Metal Bulletin
- Categories: Specialist information provider
- Frequency: Weekly
- Publisher: Delinian
- Founded: 1913
- Based in: London, England
- Language: English
- Website: www.metalbulletin.com
- ISSN: 0026-0533

= Metal Bulletin =

International publisher

Fastmarkets MB, previously known as Metal Bulletin, is a specialist international publisher and information provider for the global steel, non-ferrous and scrap metals markets.

==History==
What was later known as Metal Bulletin was started in 1913 as Quin's Metal Market Letters, a subscription newsletter, transitioning to Metal Bulletin journal two years later. The publication provided price and other information for the steel and non-ferrous metals markets and was published twice a week.

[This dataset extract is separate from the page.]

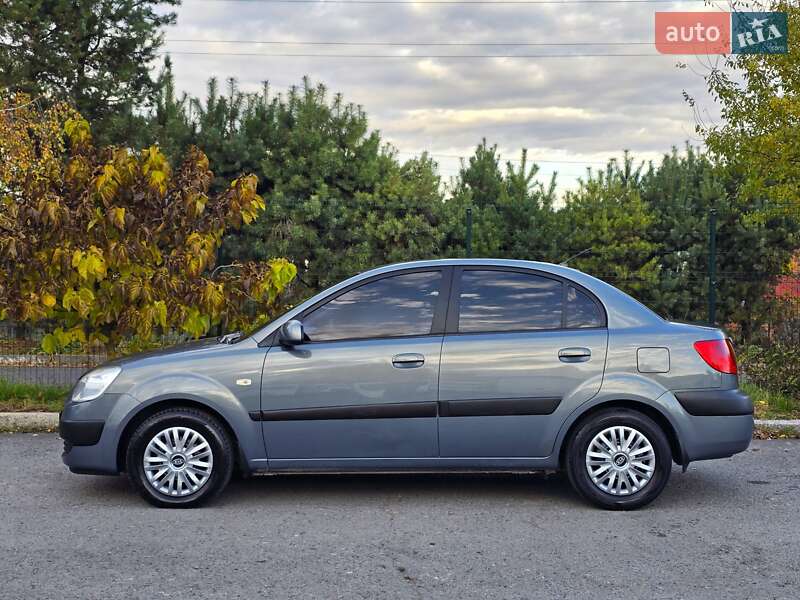 Седан Kia Rio 2006 в Хмельницькому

In 1967 the company introduced a spin-off publication, Industrial Minerals, which covered non-metallic minerals industry. In 2001 Metal Bulletin bought American Metal Market. Metal Bulletin PLC was in turn bought in 2006 by Euromoney Institutional Investor, owned by the Daily Mail & General Trust for £221 million.

==Products and services==
Metals covered include carbon steel, stainless and special steel, scrap and secondary, ores and alloys, raw materials, minor and precious metals, and base metals with additional coverage of freight news, capital markets, and exchange news and prices.